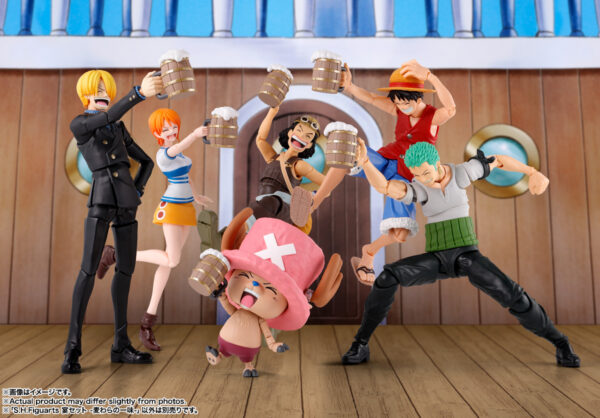 One Piece S.H.Figuarts Party Set (The Straw Hat Crew) Optional Parts Set: imagen 2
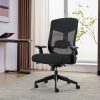 WorkPro® Quantum 9000 Series Ergonomic Mesh/Premium Fabric Mid-Back Office Chair, Black/Lime, BIFMA Compliant 4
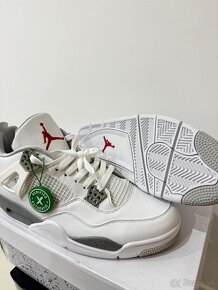 Nike Air Jordan 4 biele, EU 44,45 - 3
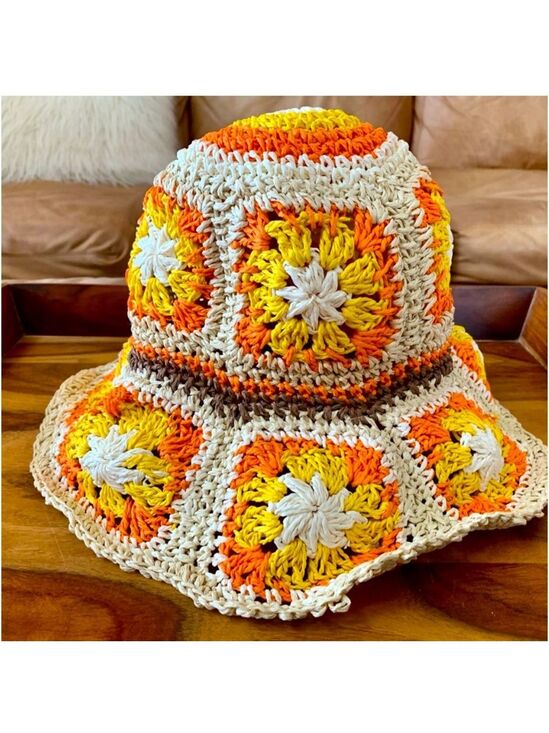 Steve Madden Accessories - STEVE MADDEN Daisy Crochet Bucket Hat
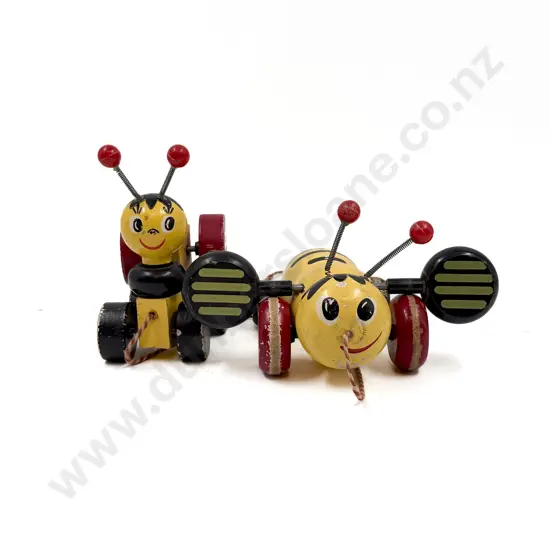 Two Vintage Buzzy Bees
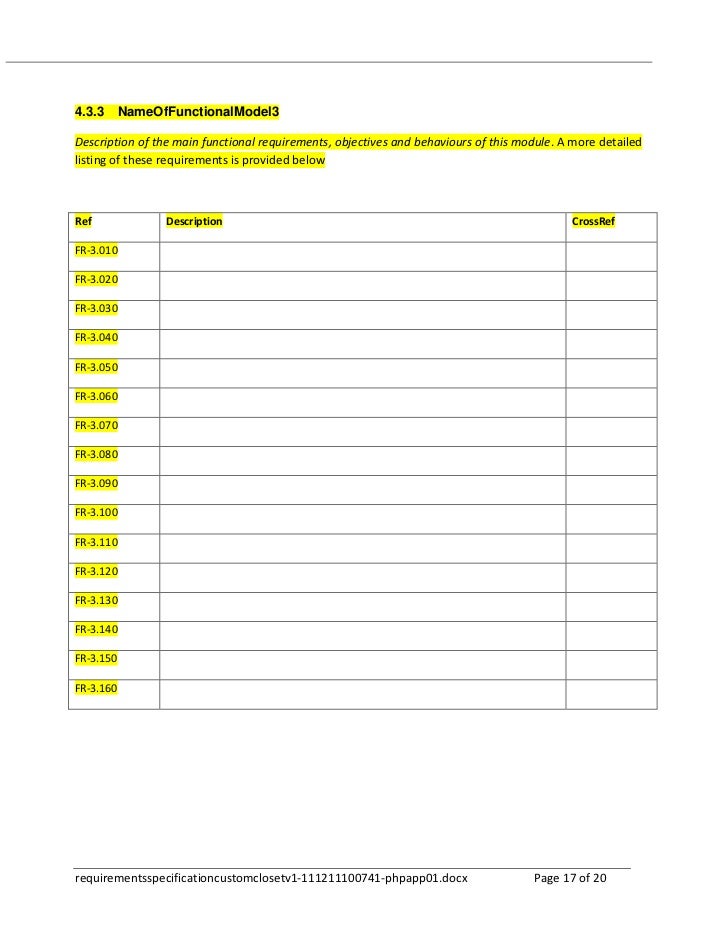 Custom Closet Requirements Specification v1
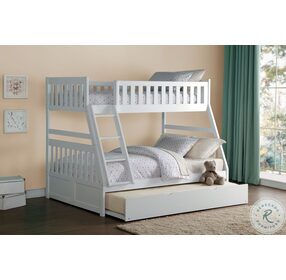 Galen White Twin Over Full Bunk Bed With Twin Trundle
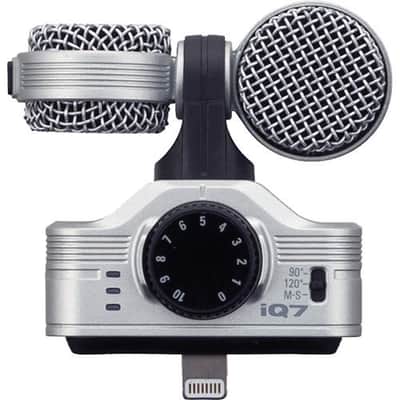 Zoom iQ7 Rotating Mid Side Stereo Capsule - Lightning Connector for iOS image 4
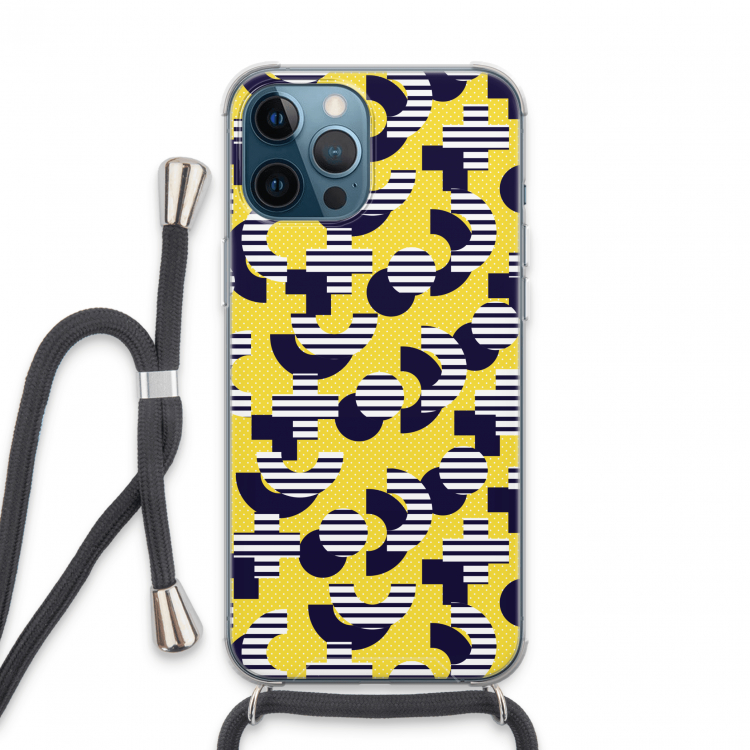 8-bit N°3: iPhone 13 Pro Max Transparant Hoesje met koord
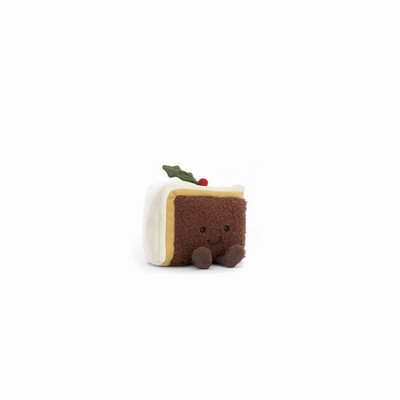 Jellycat Slice of Christmas Cake USA | 95310DFNO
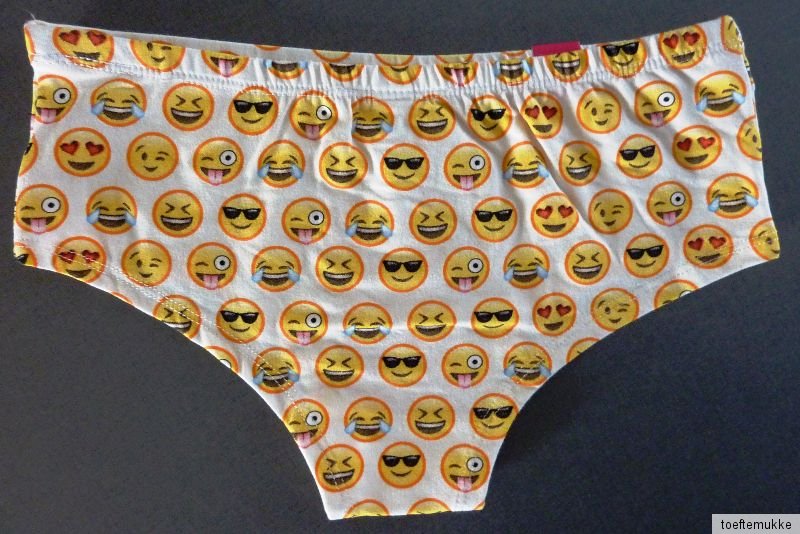 NEU Primark Emoji Icon Emoticon Smiley Hipster Slip Panty XS S M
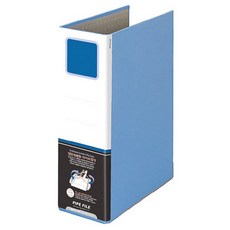 문화산업 양면개폐형 파이프바인더 세로형 7A A4 9cm PB8865, 청색, 1개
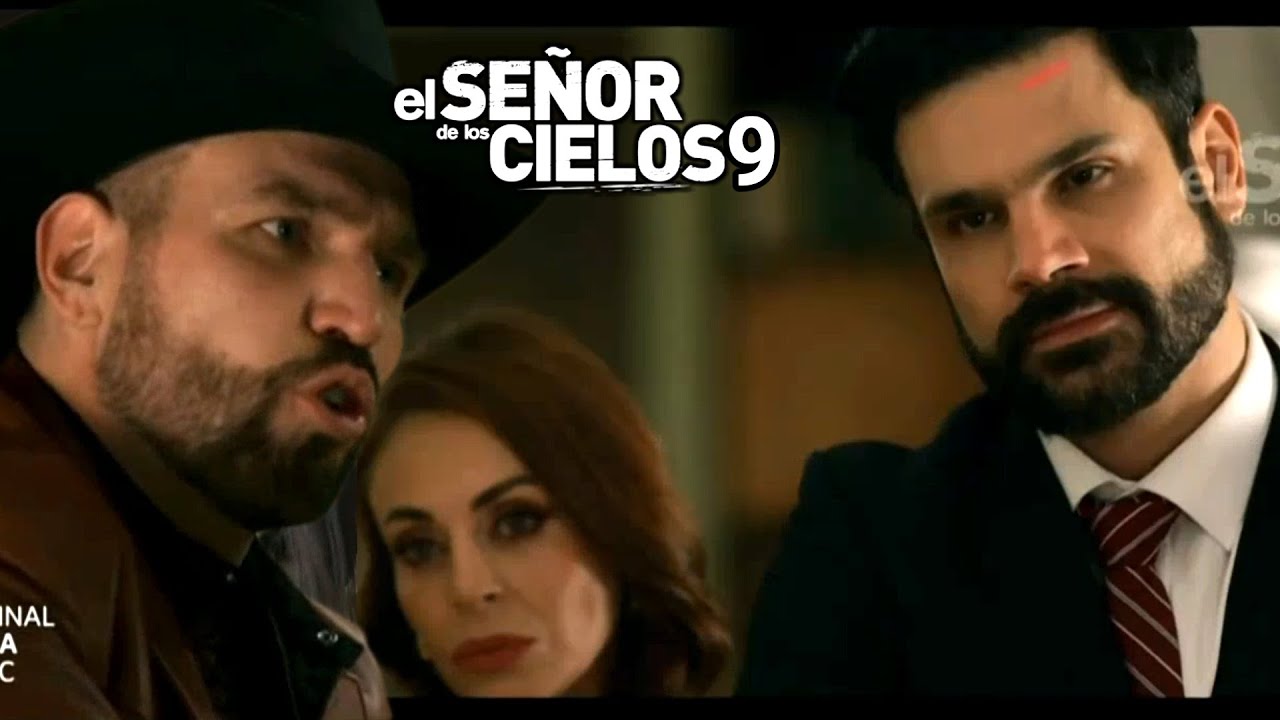 El señor de los cielos 9 capitulo 76 Aurelio enfrenta a Castillo - YouTube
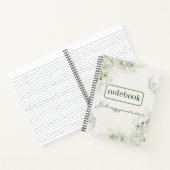Einfaches grünes botanisches Notizbuch (Innenseite)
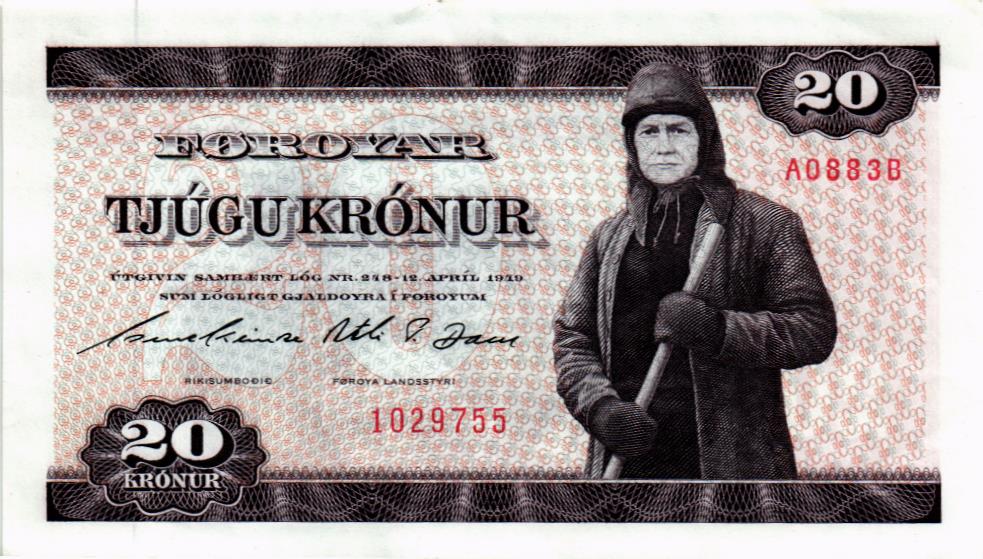 ФАРЕРСКИЕ ОСТРОВА 20 КРОН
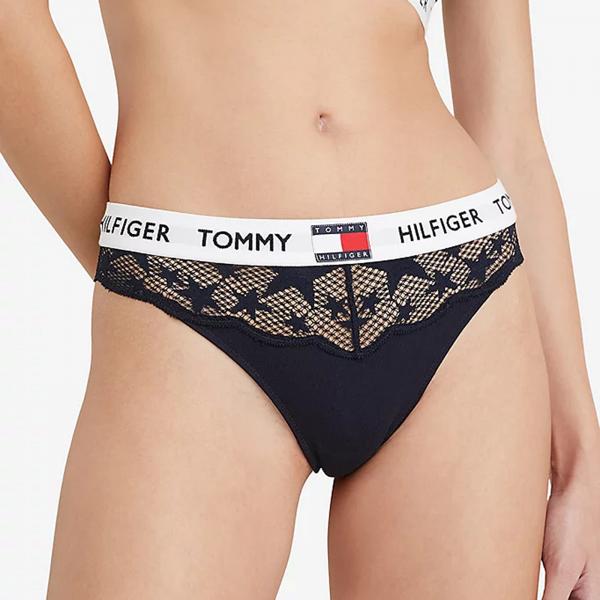 Tommy Hilfiger 85 Star Lace Thong Desert Sky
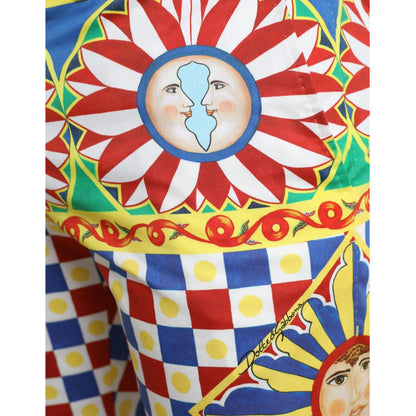 Dolce & Gabbana Multicolor Carretto Print Men Bermuda Shorts Dolce & Gabbana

**Exercise instructions:**
Pictures stay out; output the lines from the top of the listing above through the line containing "Jellycat Slice of", exactly as they stand.

**Final answer:**
 One Piece S.H.Figuarts Party Set (The Straw Hat Crew) Optional Parts Set: imagen 2
 WorkPro® Quantum 9000 Series Ergonomic Mesh/Premium Fabric Mid-Back Office Chair, Black/Lime, BIFMA Compliant 4
 Nike Air Jordan 4 biele, EU 44,45 - 3
 Steve Madden Accessories - STEVE MADDEN Daisy Crochet Bucket Hat
 Two Vintage Buzzy Bees
 Custom Closet Requirements Specification v1
 Galen White Twin Over Full Bunk Bed With Twin Trundle
 Zoom iQ7 Rotating Mid Side Stereo Capsule - Lightning Connector for iOS image 4
 8-bit N°3: iPhone 13 Pro Max Transparant Hoesje met koord
 Jellycat Slice of Christmas Cake USA | 95310DFNO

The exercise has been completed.